$C$ is a convex object in the plane. $D_1,\dots,D_n$ are pairwise-disjoint convex subsets of $C$ such that $D_1\cup\dots\cup D_n \subsetneq C$, like this:
Is it always possible to partition $C$ to $n$ convex subsets, $E_1,\dots,E_n$, such that $E_1\cup\dots\cup E_n = C$, and for every $i=1,\dots,n$: $D_i \subseteq E_i$? like this:
EDIT: following a hint by @dxiv, here is my solution.
By the Hyperplane separation theorem, for every pair $i\neq j$ there is a line $L_{ij}$ separating $D_i$ from $D_j$. The line $L_{ij}$ divides the plane to two half-planes: one of them (call it $H_{ij}$) contains $D_i$ and the other (call it $H_{ji}$) contains $D_j$.
For every $i$, define:
$$ E_i = C \cap \left( \cap_{j\neq i} H_{ij} \right) $$
Every $E_i$ is convex since it is an intersection of convex objects.
For every $i$, $D_i\subseteq E_i$ since it is contained in $C$ and in all the half-planes in the intersection.
The $E_i$ are pairwise-disjoint since for every $i\neq j$, the half-plane $H_{ij}$ contains $E_i$ and is disjoint from $E_j$.
Problem is, the union of the $E_i$ is not equal to $C$! As seen in the illustration below (where I kept only $D_1,D_2,D_4$), there is a blue triangle which is not contained in any of the $E_i$-s:
I think you are about one step away from constructing a counterexample.
Consider your last figure. The interiors of regions $E_1$, $E_2$, and $E_4$ are pairwise disjoint convex sets whose union is a proper subset of $C$.
The only convex subsets of $C$ that contain $E_1$ and do not intersect either $E_2$ or $E_4$ are subsets of the closure of $E_1$. That is, the convex subset of $C$ must of course contain $E_1$, and it may contain some or all of the points on the boundary of $E_1$, but it cannot contain any points "above" line $L_{24}$ or to the "right" of line $L_{12}$, because inevitably there would be line segments connecting those points to points of $E_1$ while passing through either $E_2$ or $E_4$.

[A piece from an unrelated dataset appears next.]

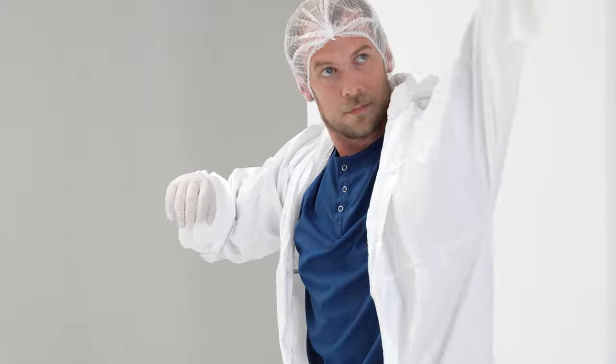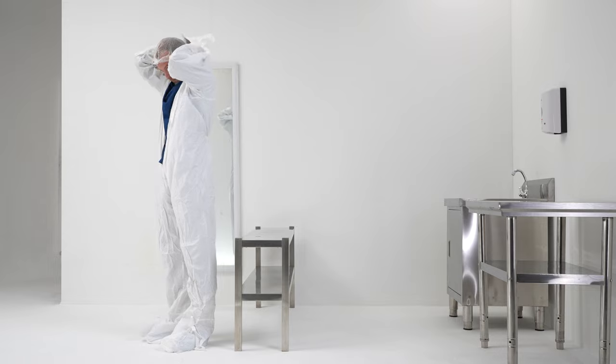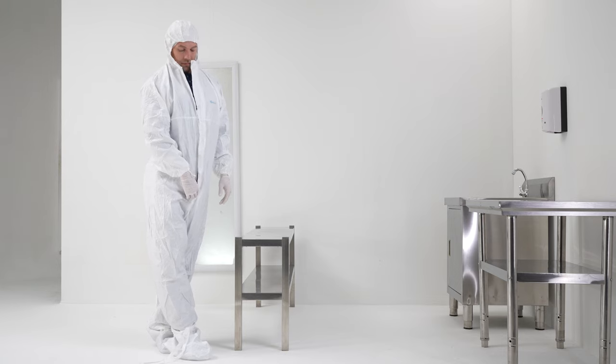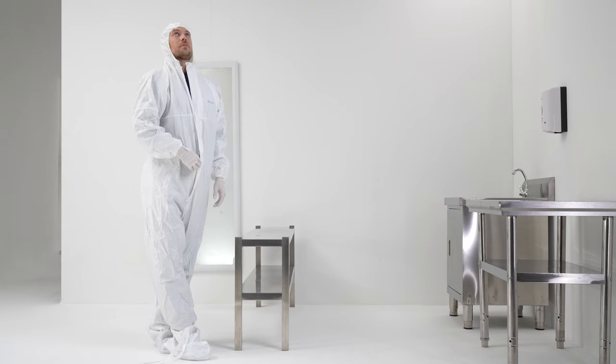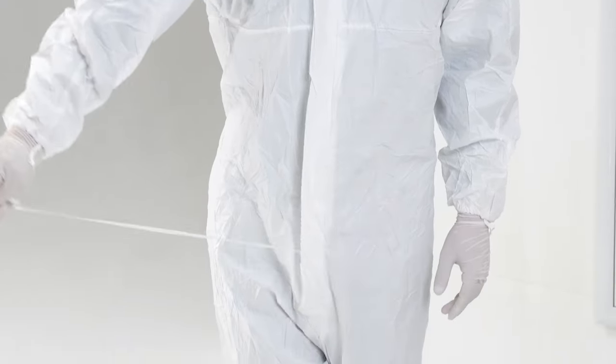Bring the coverall up towards the shoulders, then insert the arms into the sleeves. Pull the hood over the head, making sure it covers over the hairline. Cross your legs and zip up the coverall fully. Remove the backing liner and stick the flap over the zipper.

If you want the $D_i$ to be closed sets, then let $D_i$ be the set of all points inside the $E_i$ shown in the figure, and at least $\epsilon$ away from the boundary of $E_i$, setting $\epsilon$ small enough so that there is not enough "wiggle room" between the $D_i$ to construct convex sets containing them that look much different from the $E_i$ in the figure. In particular you can ensure that most of the area of the blue triangle continues to be impossible to include in the desired partition of $C$.